Once the most important stronghold of the Knights Templars in Provence, the village is, however, most famous today for its truffle market which happens once a week during the season, culminating in the messe aux truffes, which is held on the third Sunday in January, when donations to the church are given not in money, but with the local black diamonds. The truffles are taken from the church by the local brotherhood and auctioned in the small square in front of the Hôtel de Ville.
The least known, some might say its greatest secret, however, lies within the ugly 1960s edifice of a co-operative, located at the eastern edge of the village. Its claim to fame is being the youngest co-operative in the Rhône, probably even in France. Created in 1966, with the first harvest crushed in 1967, the Cellier des Templiers takes its name from the 12th Century crusaders who once ruled the region. Today, it has around 30 members, producing in the region of 45,000 hectolitres from 1,000 hectares of vineyard. Only a tiny fraction of what the cellar crushes is sold under its own labels, with almost all of that passing through the door of the tiny cellar door shop, to a loyal and very local clientele.
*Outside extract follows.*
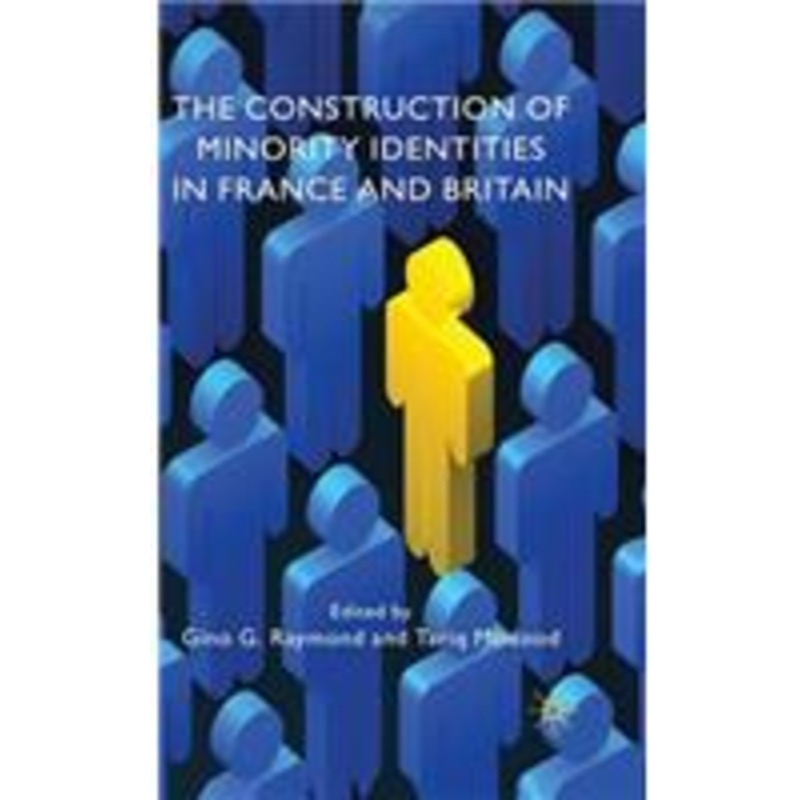 construction of minority identities in france and britain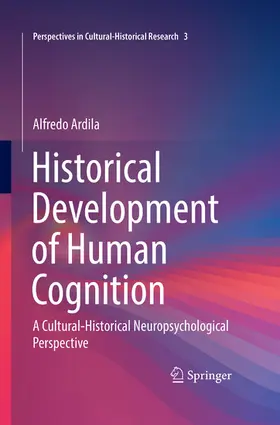 Ardila |  Historical Development of Human Cognition | eBook | Sack Fachmedien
Needless to say, what they do keep back is of a very high standard and, whilst not the least expensive of what can be sourced by trawling around the co-operatives of the region, they are as good as many domaine bottled offerings. Rebekah and I stumbled on the address through drinking a bottle of the local house wine in the Bistro Leonardo in Vaison-la-Romaine, with the owners who were kind enough to put me in touch with Directeur and winemaker Franck Lacombe. Together, we’re working on a new label project to bring the wines of the co-operative to a wider and more international audience.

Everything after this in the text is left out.